Я никогда не любила этот театр до страсти. До дрожи, до мурашек по телу. Я в этот театр опоздала к началу. Это была не «моя» игра. Я с удовольствием заглатывала таганковские были и небыли, которые рассказывали другие, обмирала, как все, видя живьем Высоцкого. Но восхищалась и возмущалась таганковскими апокрифами всегда как-то издали. Чуть с холодком. Моим «Гамлетом» стал двухсотый «Гамлет». Моему «Доброму человеку из Сезуана» было не 35 лет, а меньше. Как и «Десяти дням, которые потрясли мир», как и «Пугачеву», как и …

Я полюбила Таганку, когда Боги, друзья и удача, торчавшая в кулисах этого театра столько лет, ее покинули. Мое, при мне — это кровавая сдача «Бориса Годунова», стук годуновского жезла, пронзающего доски умирающей сцены. Мое — это в последний раз сыгранный спектакль «Товарищ, верь … » — уже без Мастера. Когда каждая строка об изгнании орала не о Пушкине, а о Любимове, когда реплика Л. Филатова о невозможности свободно писать и дышать воспринималась как оправдание отсутствующего режиссера.

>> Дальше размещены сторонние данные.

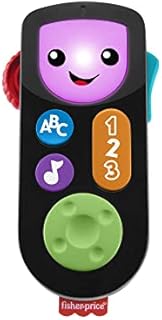 Fisher-Price Laugh & Learn Stream & Learn Remote - UK English Edition, electronic pretend toy with educational content for infants and toddlers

Когда не верилось совсем, что он вернется.

Мое, при мне — это «Маленькие трагедии» после возвращения Любимова в горбачевекую страну, спектакль о Моцарте, которому было все прощeнo за дар. Мое — это «Живаго / Доктор» с музыкой Альфреда Шнитке: рассыпанные по полу ягоды рябины, спектакль-стихотворение, угаданная режиссером и зафиксированная театром интонация прозы, которую мог написать только поэт.

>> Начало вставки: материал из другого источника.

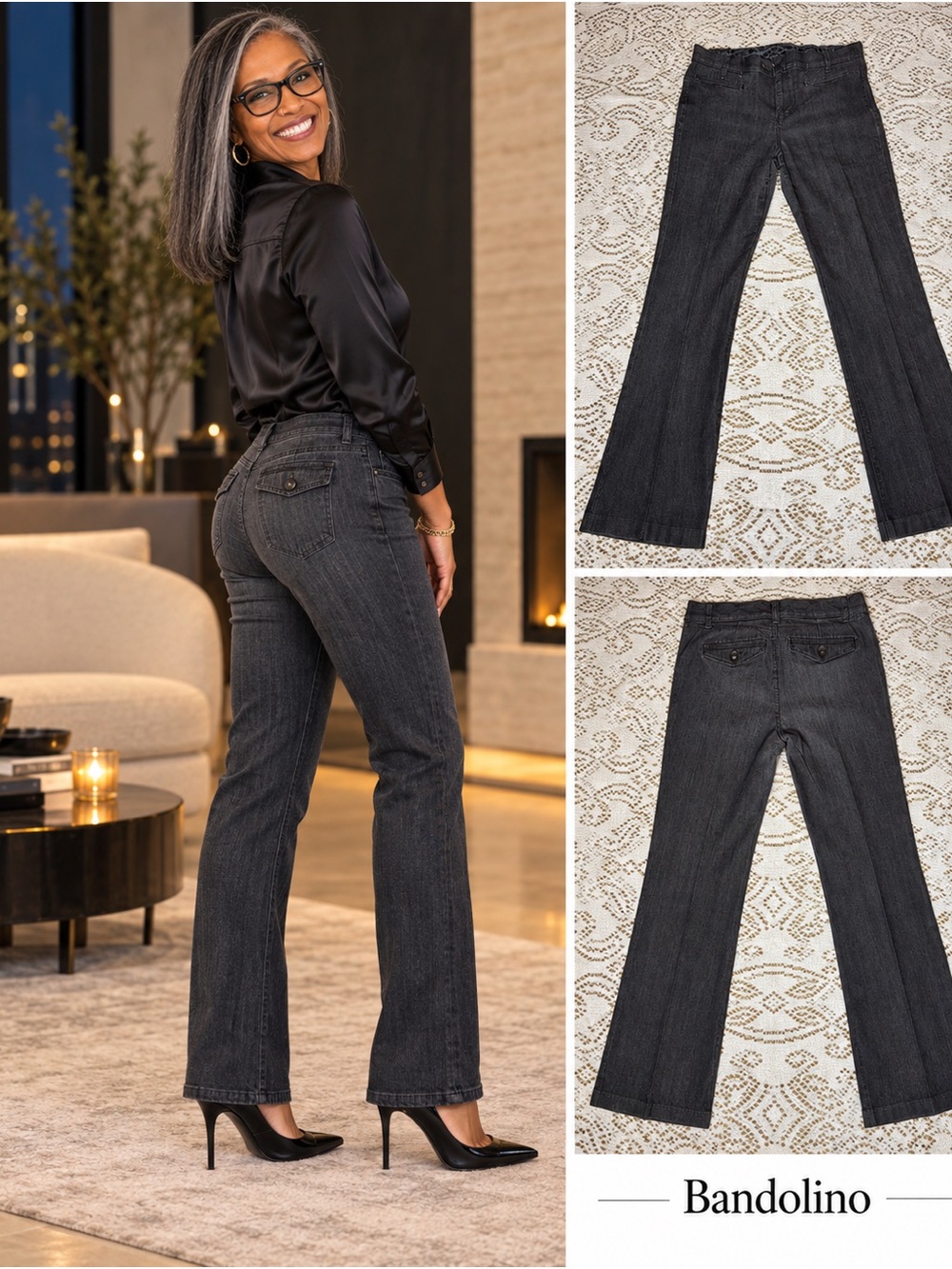 Bandolino Women's Straight-Leg Jeans in Dark Gray Size 8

Мое, при мне — это унылое 30-летие Таганки:
не у себя дома, а в типовом ДК «Меридиан», — и почти никого из «своих» В зале.

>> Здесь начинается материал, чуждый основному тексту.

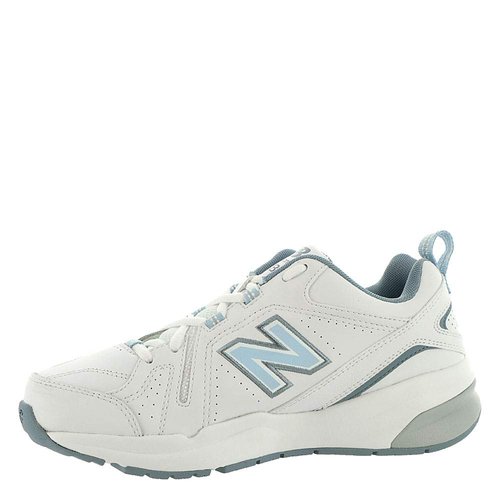New Balance Women's 608 V5 Casual Comfort Cross Trainer, White/Light Blue, 9 Wide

35 лет спустя после рождения Таганки перед театром клубилась странная толпа: много стариков и много молодых, среднего поколения почти не было. Среди зрителей мелькали знакомые лица актеров. До спектакля оставалось минут пятнадцать, а они позволяли себе привычное — золотой поры Таганки — «безобразие»: толкались в публике, нарушая первейший закон театрального таинства, за что еще лет двадцать назад театру строго выговаривала газета «Правда». Всех клубившихся у театра била одна лихорадка. В этот вечер Любимов должен был повернуть время вспять. Одни явились в театр любить свои воспоминания. Другие, может быть, посмеяться над первыми. А может быть, угадать, почувствовать, как это все-таки начиналось: Таганка в самом соку, и все живы, и «сукины дети», любимовские актеры, уверены, что они одна семья.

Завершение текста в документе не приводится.